Program screens children for early detection of vision problems
Monday, April 15, 2013

When Xavier Crane was 4, he did what many 4-year-olds do: he went to preschool. He learned a variety of things, played with friends and generally had a typical 4-year-old day.

One day in November 2011, however, his parents, Erinn and Joseph Crane of Davenport, got a not-so-typical note sent home.

Iowa KidSight, a community service in which volunteers screen young children for potential vision problems, had visited Xavier’s preschool and screened all of the kids in his class using a simple camera that photographed the children’s eyes. The photos of Xavier’s eyes showed signs of vision trouble.

Erinnsaid that while she and Joseph expected Xavier would one day need glasses—they both wear glasses as do two of their three older children— they were surprised by the severity of Xavier’s vision problem.

“He never showed any signs of a vision problem, but we took him to a children’s eye doctor and were told he had really bad vision in one eye,” shesays.

Xavier was diagnosed with anisometropic amblyopia, a condition created when one eye doesn’t develop normal sight, and the most common vision impairment in young children. If left untreated it can result in permanent vision loss.

Erinnsays looking back now she remembers Xavier having a hard time watching 3-D movies.

“I thought it was just his age and he didn’t want to keep the glasses on,” she says. She’s since learned that kids with amblyopia don’t have good depth perception and are especially bothered by three-dimensional movies and images.

Xavier Crane has his eye examined.
Crane underwent a variety of eye tests during his checkup.

Since his diagnosis a year ago, Xavier has worn a patch over his “good” eye for various periods, allowing the weaker eye to strengthen and his vision to improve. Vision in his bad eye at the time of diagnosis was 20/300, Erinn says, but now it’s 20/70.

She credits the Iowa KidSight program for saving her son’s vision.

“If it wasn’t for that program we wouldn’t have caught his vision loss at least until kindergarten, and maybe not even then,” she says. “We might have seen some signs of poor vision and taken him in at some point, but you have to correct this problem between the ages of 4 and 7 years for it to really work. If we didn’t catch it until later, he would have gone blind in that eye.”

That’s just the kind of news Lori Short, program manager of Iowa KidSight, likes to hear.

“The key is that when kids are that young they don’t know they’re not seeing well because they’ve always seen that way,” she says. “If you get the problem detected and get it treated at a young age, you can help them get their vision to develop more fully.”

“If you don’t catch it early, then by the time the child reaches vision maturity—usually between ages 8 and 10—you’ve lost it completely,” she says.

Iowa KidSight first started offering screenings to preschool-aged children across the state in May 2000. The program, a joint venture of the Lions Clubs of Iowa and UI Department of Ophthalmology and Visual Sciences and UI Children's Hospital, offers screenings in day care centers and preschools, typically, using Lions Club volunteers and a special camera made for visual screenings.

The first year, May 2000 through April 2001, Iowa KidSight volunteers screened 1,577 children and referred 110 for follow-up visits with an eye doctor.
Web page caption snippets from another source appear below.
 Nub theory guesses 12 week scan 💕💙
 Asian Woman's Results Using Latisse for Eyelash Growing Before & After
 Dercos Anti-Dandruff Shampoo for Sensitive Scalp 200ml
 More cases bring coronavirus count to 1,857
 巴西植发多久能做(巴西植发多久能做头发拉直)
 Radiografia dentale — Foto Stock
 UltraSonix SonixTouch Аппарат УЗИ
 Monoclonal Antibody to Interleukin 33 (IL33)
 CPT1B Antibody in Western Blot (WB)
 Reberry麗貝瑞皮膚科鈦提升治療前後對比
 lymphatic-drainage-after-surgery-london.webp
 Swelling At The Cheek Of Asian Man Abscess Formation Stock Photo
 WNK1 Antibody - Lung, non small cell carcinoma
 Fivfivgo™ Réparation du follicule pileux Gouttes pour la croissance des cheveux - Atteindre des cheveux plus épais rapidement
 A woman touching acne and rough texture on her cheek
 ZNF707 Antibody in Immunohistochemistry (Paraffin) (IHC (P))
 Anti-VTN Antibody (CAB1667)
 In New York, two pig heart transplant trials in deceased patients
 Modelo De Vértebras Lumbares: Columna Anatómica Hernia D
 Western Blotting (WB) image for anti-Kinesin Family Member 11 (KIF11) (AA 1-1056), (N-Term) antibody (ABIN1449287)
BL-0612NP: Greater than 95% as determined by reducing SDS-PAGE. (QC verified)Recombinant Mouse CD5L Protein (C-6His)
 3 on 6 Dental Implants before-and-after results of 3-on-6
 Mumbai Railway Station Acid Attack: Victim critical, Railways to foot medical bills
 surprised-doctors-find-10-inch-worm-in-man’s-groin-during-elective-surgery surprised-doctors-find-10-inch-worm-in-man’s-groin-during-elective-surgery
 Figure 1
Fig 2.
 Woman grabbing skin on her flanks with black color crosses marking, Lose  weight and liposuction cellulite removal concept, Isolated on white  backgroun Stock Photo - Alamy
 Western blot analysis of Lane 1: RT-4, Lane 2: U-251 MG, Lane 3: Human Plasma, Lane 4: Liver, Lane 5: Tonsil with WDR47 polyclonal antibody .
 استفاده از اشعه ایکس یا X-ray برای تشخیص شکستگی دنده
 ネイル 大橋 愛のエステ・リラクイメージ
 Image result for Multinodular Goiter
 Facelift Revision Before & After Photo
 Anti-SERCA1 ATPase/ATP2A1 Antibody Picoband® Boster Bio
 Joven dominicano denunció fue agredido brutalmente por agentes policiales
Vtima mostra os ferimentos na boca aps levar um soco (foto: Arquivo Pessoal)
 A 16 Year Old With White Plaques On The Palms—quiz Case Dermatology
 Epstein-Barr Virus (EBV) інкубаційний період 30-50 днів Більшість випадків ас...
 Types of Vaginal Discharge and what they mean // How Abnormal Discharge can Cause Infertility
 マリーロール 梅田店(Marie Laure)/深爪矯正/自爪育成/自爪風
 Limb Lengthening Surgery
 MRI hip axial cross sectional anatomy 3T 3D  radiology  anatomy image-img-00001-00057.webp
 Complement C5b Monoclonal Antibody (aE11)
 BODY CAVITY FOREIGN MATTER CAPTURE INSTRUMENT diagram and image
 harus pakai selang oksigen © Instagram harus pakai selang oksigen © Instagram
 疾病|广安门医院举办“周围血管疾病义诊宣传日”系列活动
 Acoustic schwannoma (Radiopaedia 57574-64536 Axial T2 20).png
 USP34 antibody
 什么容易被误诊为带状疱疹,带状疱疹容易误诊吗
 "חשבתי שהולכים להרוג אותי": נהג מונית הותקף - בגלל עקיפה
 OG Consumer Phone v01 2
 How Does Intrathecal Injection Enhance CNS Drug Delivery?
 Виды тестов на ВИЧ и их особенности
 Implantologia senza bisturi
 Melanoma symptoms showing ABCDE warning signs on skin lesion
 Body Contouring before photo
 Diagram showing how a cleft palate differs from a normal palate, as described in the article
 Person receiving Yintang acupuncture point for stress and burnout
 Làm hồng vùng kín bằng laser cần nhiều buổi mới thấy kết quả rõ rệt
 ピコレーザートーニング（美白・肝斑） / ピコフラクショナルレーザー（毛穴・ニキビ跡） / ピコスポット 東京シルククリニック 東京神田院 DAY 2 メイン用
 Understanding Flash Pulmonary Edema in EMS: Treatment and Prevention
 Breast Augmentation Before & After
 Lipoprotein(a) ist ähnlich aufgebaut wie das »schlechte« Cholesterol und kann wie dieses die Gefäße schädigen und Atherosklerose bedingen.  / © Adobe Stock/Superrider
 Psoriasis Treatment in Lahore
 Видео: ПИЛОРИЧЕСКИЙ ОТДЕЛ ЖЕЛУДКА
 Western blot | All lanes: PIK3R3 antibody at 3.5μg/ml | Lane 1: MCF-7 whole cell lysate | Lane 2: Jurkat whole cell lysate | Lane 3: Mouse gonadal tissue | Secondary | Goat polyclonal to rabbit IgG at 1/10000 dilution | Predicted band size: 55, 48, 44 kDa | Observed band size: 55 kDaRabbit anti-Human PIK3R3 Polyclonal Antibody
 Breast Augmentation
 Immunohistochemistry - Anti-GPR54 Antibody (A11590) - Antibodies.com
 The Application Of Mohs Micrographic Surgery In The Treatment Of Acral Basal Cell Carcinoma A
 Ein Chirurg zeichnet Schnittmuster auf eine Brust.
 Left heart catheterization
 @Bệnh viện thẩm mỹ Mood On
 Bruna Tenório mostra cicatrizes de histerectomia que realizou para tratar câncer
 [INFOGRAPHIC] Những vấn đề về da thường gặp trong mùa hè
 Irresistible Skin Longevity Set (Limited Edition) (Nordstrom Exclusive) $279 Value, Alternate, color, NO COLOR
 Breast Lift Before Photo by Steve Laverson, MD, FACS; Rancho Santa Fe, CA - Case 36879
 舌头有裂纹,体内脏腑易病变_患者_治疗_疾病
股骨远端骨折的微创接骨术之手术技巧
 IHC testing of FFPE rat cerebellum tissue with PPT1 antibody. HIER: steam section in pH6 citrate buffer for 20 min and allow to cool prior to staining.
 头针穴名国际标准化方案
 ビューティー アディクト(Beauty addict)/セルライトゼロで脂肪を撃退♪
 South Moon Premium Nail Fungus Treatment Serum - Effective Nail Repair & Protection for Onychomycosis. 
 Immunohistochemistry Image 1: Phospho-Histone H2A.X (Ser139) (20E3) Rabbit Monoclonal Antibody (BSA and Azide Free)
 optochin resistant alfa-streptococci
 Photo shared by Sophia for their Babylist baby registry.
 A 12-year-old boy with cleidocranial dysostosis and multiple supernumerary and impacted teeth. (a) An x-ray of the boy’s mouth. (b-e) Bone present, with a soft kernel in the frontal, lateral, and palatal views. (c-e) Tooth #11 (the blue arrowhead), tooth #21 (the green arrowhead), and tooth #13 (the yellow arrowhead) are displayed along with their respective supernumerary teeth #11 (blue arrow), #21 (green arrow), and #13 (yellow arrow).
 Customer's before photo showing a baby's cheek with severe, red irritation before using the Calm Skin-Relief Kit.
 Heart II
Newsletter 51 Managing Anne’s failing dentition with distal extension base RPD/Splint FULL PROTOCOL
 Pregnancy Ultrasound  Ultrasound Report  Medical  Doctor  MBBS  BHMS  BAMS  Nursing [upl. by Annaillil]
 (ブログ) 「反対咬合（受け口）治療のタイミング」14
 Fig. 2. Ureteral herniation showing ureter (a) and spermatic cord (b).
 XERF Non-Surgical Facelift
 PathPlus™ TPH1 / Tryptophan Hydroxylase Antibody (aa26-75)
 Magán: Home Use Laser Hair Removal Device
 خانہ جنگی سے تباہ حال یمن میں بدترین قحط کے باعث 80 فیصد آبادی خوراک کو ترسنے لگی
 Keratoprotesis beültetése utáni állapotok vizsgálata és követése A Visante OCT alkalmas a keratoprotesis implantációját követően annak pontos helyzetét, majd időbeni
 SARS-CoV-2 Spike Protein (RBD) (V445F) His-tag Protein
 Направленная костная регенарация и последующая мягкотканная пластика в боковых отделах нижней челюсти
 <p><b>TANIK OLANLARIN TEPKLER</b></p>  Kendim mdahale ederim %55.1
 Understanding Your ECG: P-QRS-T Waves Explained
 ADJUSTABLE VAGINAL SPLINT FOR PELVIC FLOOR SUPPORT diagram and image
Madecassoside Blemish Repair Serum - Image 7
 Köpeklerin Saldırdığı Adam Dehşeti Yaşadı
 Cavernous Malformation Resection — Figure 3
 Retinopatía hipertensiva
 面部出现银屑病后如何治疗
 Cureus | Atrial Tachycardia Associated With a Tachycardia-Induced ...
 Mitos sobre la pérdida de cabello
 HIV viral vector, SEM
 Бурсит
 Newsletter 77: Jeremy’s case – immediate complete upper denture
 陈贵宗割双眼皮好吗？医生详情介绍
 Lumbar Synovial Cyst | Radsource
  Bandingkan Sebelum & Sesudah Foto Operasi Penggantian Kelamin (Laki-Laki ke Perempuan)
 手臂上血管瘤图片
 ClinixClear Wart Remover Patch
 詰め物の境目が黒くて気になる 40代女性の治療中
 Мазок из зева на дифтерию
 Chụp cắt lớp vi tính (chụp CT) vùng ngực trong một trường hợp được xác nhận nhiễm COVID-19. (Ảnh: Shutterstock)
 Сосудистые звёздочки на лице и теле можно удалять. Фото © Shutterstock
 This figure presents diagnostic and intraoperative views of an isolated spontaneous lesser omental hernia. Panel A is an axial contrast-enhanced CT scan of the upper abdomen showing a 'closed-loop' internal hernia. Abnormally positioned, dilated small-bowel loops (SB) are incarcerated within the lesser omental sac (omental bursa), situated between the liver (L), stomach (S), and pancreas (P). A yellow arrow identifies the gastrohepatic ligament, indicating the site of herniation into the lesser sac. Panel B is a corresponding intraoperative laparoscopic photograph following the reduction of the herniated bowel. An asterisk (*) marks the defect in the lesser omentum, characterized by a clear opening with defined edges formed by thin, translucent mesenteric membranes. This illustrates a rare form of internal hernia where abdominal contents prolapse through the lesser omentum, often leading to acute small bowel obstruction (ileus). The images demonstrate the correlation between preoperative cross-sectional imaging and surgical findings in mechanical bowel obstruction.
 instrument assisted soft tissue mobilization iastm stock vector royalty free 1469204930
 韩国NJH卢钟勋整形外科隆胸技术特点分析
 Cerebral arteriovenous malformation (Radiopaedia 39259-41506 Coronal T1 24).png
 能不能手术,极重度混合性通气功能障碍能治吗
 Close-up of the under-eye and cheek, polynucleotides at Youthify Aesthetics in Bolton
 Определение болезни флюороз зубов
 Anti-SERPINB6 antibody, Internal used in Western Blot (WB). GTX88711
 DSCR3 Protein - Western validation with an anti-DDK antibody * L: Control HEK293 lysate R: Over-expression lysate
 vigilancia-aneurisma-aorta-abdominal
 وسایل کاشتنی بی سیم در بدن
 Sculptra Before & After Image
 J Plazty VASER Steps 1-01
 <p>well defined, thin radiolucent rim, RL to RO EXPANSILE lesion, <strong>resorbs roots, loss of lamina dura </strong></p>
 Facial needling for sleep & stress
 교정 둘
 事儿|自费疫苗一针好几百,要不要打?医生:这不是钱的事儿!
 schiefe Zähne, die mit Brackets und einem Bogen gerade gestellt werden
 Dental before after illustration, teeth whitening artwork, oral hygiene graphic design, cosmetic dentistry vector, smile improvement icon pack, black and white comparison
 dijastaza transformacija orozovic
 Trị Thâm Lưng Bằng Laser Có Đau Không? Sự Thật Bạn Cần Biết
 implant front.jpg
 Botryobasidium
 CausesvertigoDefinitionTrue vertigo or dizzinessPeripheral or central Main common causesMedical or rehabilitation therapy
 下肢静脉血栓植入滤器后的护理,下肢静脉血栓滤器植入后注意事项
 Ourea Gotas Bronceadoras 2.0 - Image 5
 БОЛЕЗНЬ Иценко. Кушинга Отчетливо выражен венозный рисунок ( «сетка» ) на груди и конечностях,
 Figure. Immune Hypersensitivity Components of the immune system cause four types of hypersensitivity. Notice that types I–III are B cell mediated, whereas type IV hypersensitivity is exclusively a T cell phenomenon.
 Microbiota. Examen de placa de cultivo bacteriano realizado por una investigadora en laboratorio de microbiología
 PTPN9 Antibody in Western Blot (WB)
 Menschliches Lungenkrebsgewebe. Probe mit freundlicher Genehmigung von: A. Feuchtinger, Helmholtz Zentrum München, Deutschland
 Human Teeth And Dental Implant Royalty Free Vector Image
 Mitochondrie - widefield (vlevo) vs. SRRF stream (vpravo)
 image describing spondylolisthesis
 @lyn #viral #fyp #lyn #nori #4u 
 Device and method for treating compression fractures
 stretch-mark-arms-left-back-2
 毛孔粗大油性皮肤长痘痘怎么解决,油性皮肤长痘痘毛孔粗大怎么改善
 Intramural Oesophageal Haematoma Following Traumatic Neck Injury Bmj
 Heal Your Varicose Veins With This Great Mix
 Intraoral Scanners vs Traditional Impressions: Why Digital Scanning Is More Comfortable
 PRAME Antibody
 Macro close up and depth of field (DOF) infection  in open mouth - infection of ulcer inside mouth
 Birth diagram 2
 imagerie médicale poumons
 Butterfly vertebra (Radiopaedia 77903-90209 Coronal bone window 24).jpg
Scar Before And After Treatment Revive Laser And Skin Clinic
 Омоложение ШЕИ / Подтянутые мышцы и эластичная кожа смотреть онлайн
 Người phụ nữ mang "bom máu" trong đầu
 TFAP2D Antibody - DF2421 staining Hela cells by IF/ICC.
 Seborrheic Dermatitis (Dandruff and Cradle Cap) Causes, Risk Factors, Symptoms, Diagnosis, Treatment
The number of children screened more than tripled the following year—volunteers saw 5,295 children and referred 283.

This year Iowa KidSight marked a significant milestone: volunteers have now screened more than a quarter of a million children since the program’s inception 13 years ago, with 33,315 children screened in the 2011-2012 year alone.

Those screenings have resulted in more than 11,000 referrals to eye doctors over the years.

“Only 4 to 6 percent of kids have some type of problem, so it’s not huge,” Short says. “But for that 4 to 6 percent, it can be devastating.”

Short says there are more than 300 Lions clubs in Iowa, giving the program a fairly broad base to cover the state’s preschools and day care centers. In addition, some clubs have “rapid response teams” designated to help cover rural areas that may not have a local Lions Club.

“We’ve never had to turn down a child care center or preschool,” Short says.

More than half of the program’s $305,000 annual budget—$175,000—comes from the Iowa Lions Foundation, with the Iowa Department of Public Health and Iowa Optometric Association providing $100,000 and $12,000 respectively. The remainder comes from miscellaneous gifts, line-item grants and a variety of fundraisers, as well as services provided by UI Ophthalmology and Visual Sciences.